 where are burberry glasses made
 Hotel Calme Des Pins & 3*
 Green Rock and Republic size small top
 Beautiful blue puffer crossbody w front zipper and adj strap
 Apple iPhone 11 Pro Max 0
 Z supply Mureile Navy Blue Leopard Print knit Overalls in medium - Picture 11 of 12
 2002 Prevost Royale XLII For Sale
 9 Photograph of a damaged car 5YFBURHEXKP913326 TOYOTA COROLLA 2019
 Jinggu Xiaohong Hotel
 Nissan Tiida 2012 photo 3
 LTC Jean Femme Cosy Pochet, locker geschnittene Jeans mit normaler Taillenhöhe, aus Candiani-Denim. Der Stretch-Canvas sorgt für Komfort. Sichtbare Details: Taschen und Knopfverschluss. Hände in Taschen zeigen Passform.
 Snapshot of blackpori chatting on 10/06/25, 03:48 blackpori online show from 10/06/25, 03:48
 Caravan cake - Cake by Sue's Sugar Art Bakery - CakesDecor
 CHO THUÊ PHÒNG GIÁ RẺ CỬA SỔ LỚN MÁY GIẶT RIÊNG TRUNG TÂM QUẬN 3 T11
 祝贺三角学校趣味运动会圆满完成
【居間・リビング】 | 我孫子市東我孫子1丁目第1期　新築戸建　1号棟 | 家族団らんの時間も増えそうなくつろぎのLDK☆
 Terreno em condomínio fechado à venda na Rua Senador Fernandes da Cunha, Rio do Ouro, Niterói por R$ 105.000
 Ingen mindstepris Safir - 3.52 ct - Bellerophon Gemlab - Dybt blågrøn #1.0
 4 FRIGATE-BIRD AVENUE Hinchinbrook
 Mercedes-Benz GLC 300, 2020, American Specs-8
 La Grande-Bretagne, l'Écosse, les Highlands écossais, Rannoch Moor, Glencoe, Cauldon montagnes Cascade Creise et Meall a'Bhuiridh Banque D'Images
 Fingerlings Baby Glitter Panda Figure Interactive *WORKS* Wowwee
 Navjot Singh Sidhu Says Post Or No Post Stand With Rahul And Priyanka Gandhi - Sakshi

--------------------

--- Directions for this task ---
If a line of the data above holds the string "Hotel", count it, then state only the total.

--- The answer ---
2